Equinor has said it expects Chappal Energies will continue the development of its long-held assets in Nigeria, for the betterment of the country’s economy. Chappal is optimistic, too, with its managing director, Ufoma Immanuel, expecting positive effects on both the environment and the community.
Chappal has just the sort of attitude and drive Nigeria needs in its indigenous petroleum businesses, having stated that it is intent on “unlocking latent value in Nigeria’s and Africa’s oil and gas resources.”

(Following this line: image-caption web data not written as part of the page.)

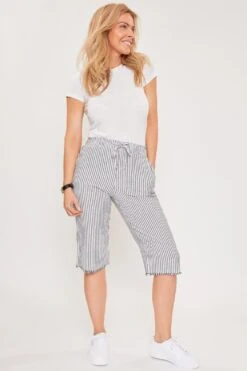 Women's Petite Linen Capri With Fray Hem -Wana Fashion Shop 1008950 646 0 c6957965 80e1 4ca5 96ec 56c205fb170f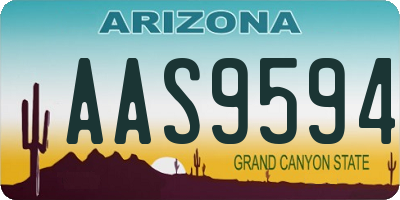 AZ license plate AAS9594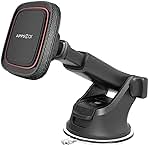 APPS2Car Magnetic Phone Mount for Car – Industrial Suction Cup Dashboard & Windshield Holder with Telescopic Arm, 6 Strong Magnets – Universal Fit for iPhone & Android (Metal Plate Required)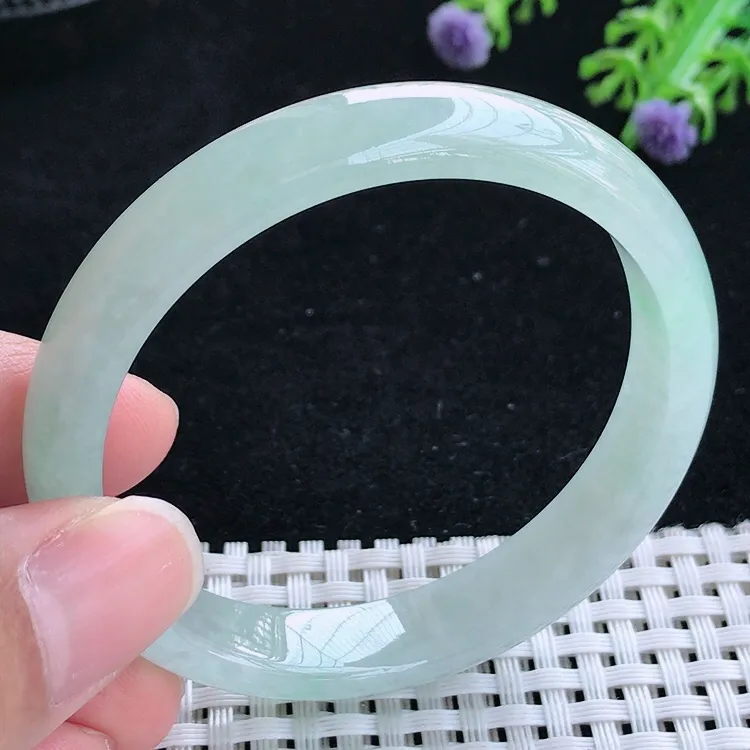 自然光52小圈口老坑冰胶水灵冰晴细条手镯翡翠玉镯尺寸52/10.3/6.2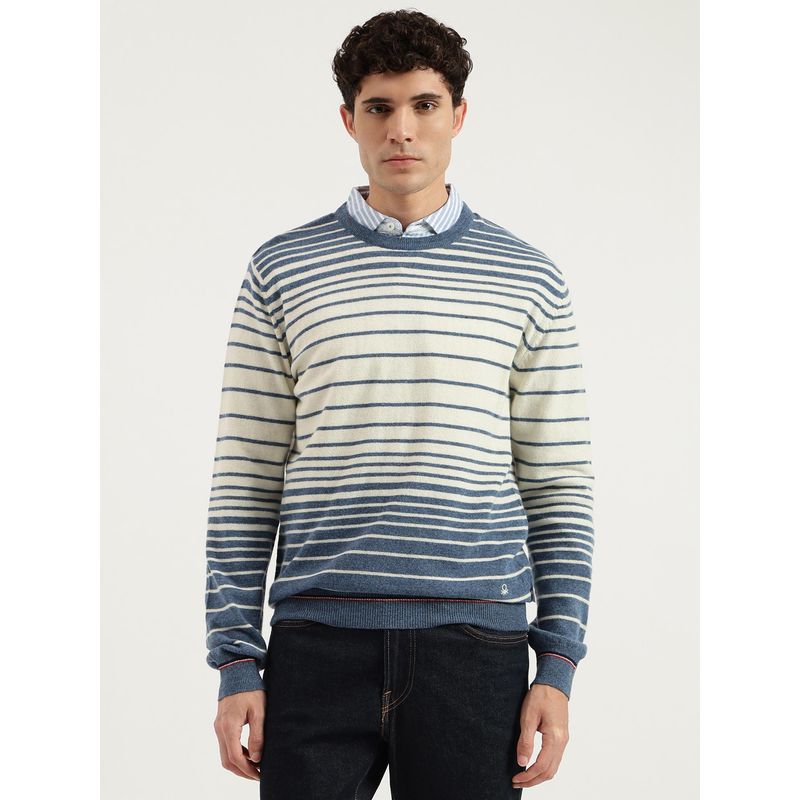 United Colors of Benetton Blue Regular Fit Crew Neck Striped Gradation Lambswool Sweater (XL)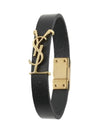 Monogram Opium Leather Bracelet Gold - SAINT LAURENT - BALAAN.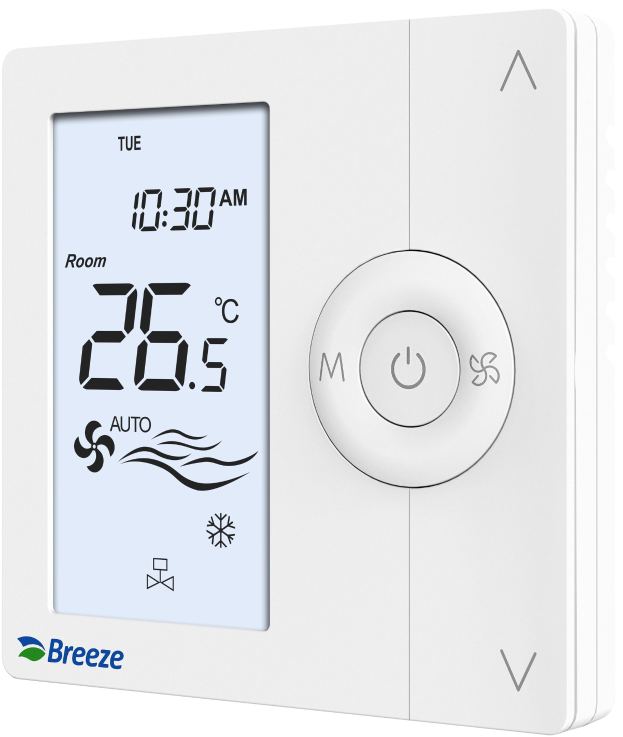 Weißer digitaler programmierbarer Thermostat mit der Bezeichnung "breeze digital programmierbare Thermostate" vor einem weißen Hintergrund.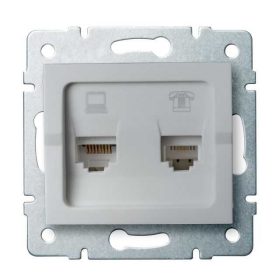   MOWION LOGI 02-1440-043-EZ, adat-telefoncsatlakozó aljzat (RJ45 Cat 6+RJ11)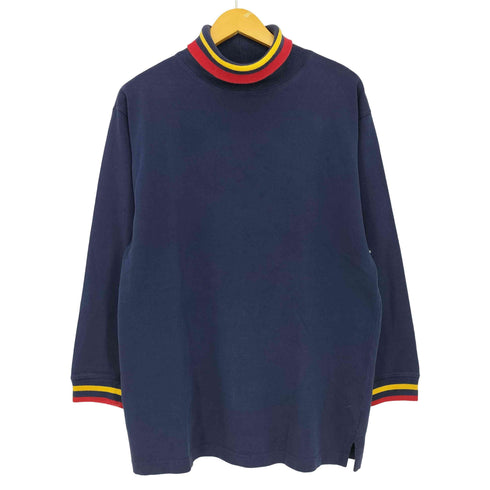 エディーバウアー Eddie Bauer 80-90s 黒タグ後期 リブボーダー タートルネック 長袖 Tシャツ メンズ import:M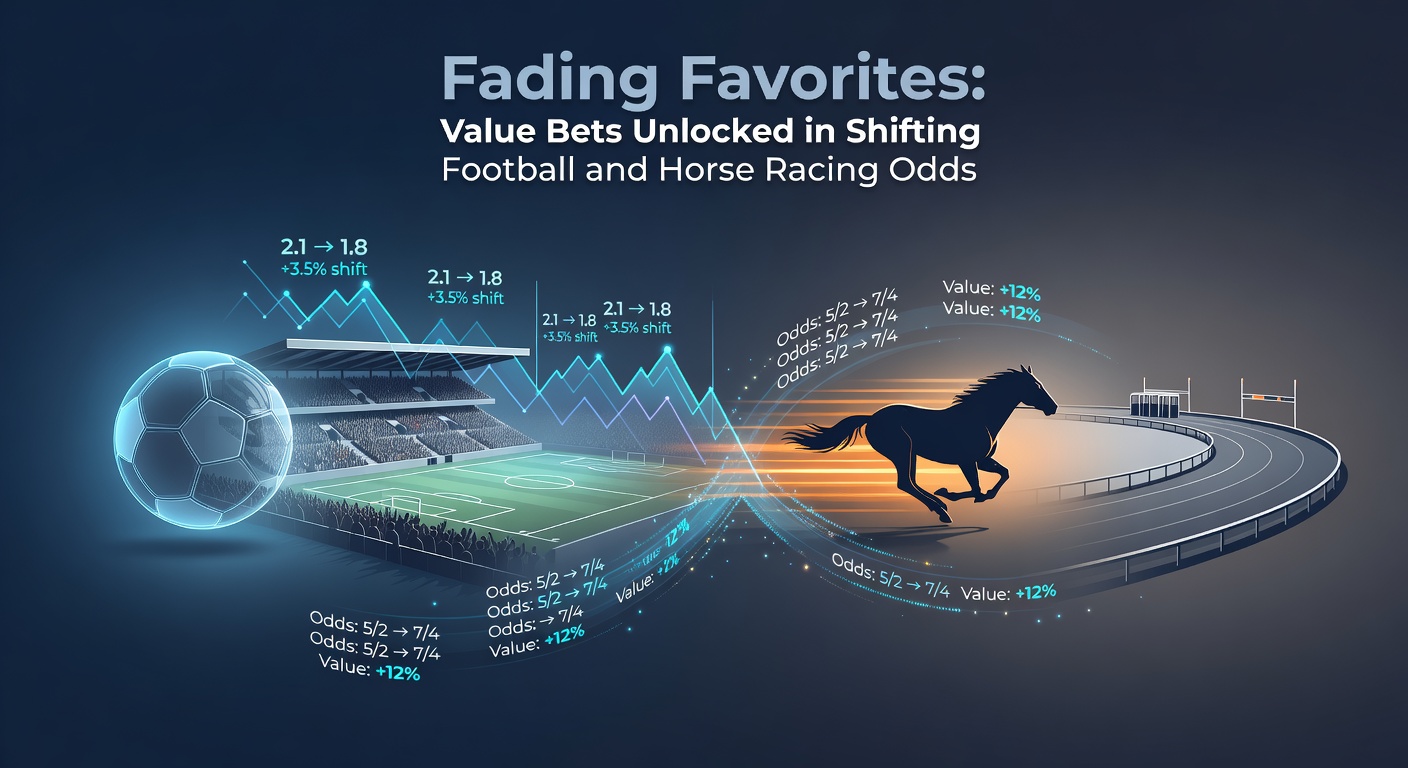 Close-up of racehorses at the starting gate with overlaid odds screen showing a favorite's price crashing from 2/1 to 6/4, illustrating fading opportunity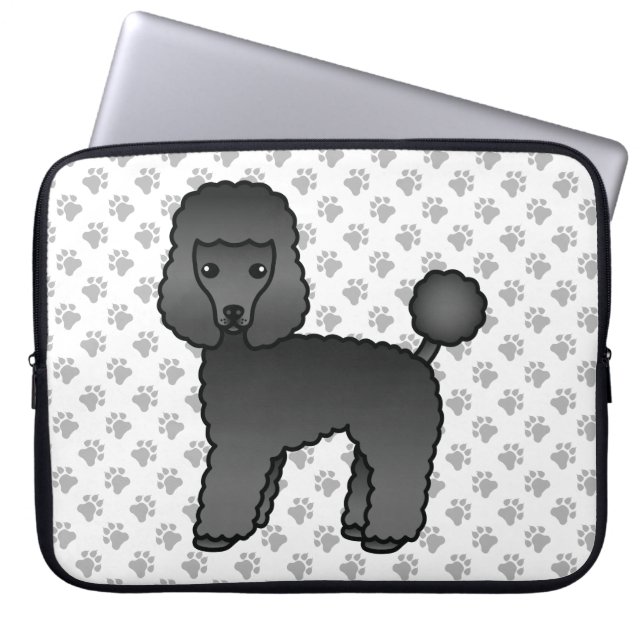 Svart Toy Poodle Söt Tecknad Hund Laptop Fodral (Framsidan)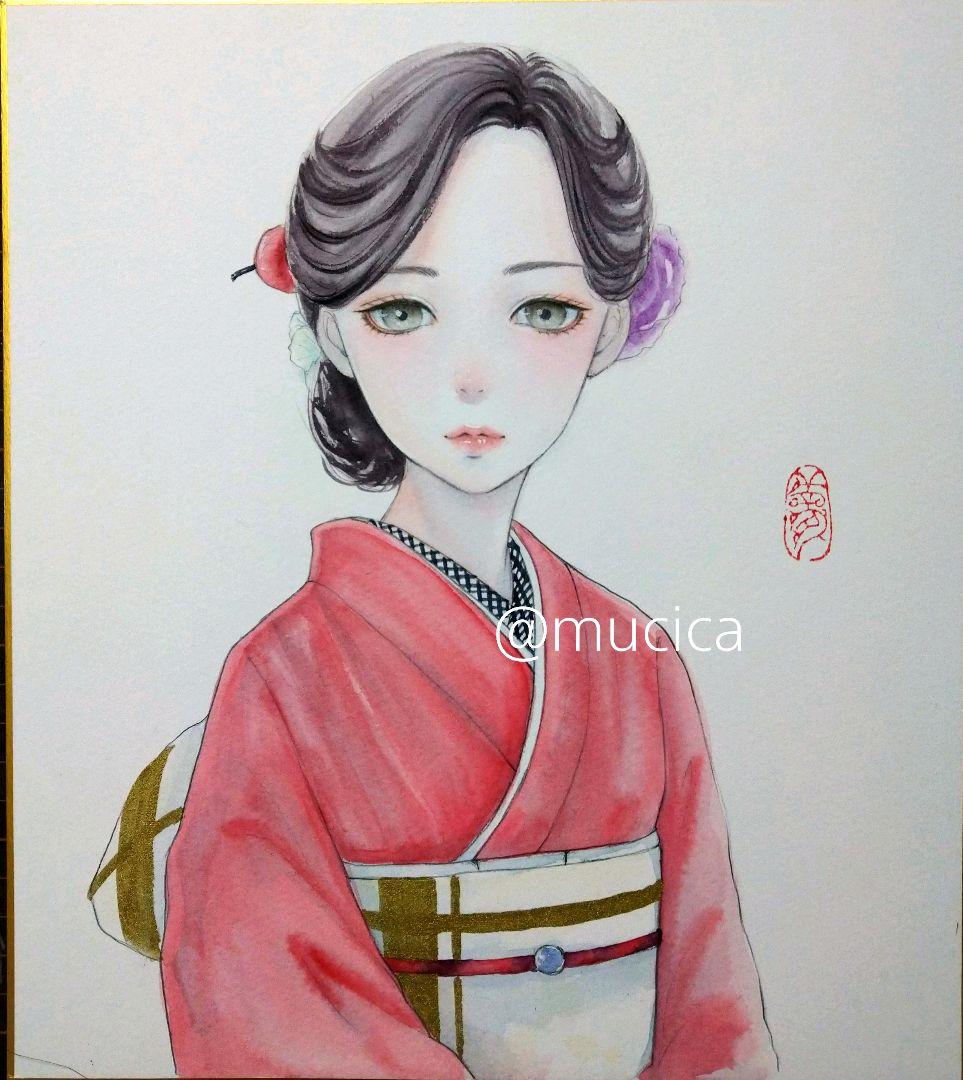 専用　画　美人画　原画　手描きイラスト　水彩画　和装　正月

The sale can only close after specified conditions and all regulatory and contractual approvals are finished. These are still pending.
Oando: Doubling its State Partnership Stake
In the early fall of 2023, in line with the Eni 2023-2026 Plan, Italian supermajor Eni agreed to sell Nigerian Agip Oil Company Ltd (NAOC) to Oando, a Nigerian stock exchange-listed provider of energy solutions.
Eni’s plan includes an effort to divest itself of resources that offer value and opportunity to other owners.
NAOC concentrates on producing onshore Nigerian oil and gas and on generating power. Its Nigerian holdings include interests in four onshore blocks, two power plants, and two onshore exploration leases. Besides these assets in the Niger River Delta, the deal includes an interest in the Brass River oil terminal.
Overall, the agreement means that Oando can double its interest in NAOC JV, the partnership it has with the state, to 40%, and increase its reserves to over 1 billion barrels of oil equivalent (boe).
Oando’s CEO, Wale Tinubu, sees the purchase as being “in alignment” with his company’s strategy of “acquiring, enhancing, appraising, and efficiently developing reserves.”
Closing the sale depends on the authorization of all the relevant local and regulatory authorities — a process that is still ongoing nearly a year after the agreement was reached. There has been some talk of approvals set to happen soon.
Renaissance: Making a Large Onshore Investment
In January 2024, Shell agreed to sell Shell Petroleum Development Co. of Nigeria Limited (SPDC), its Nigerian onshore subsidiary, to Renaissance, an association made up of five Nigerian exploration and production companies (ND Western Limited, Aradel Holdings Plc, FIRST Exploration and Petroleum Development Company Limited, and The Waltersmith Group) plus an international energy group (Petrolin Limited). The firms agreed to a sales price of USD 1.3 billion.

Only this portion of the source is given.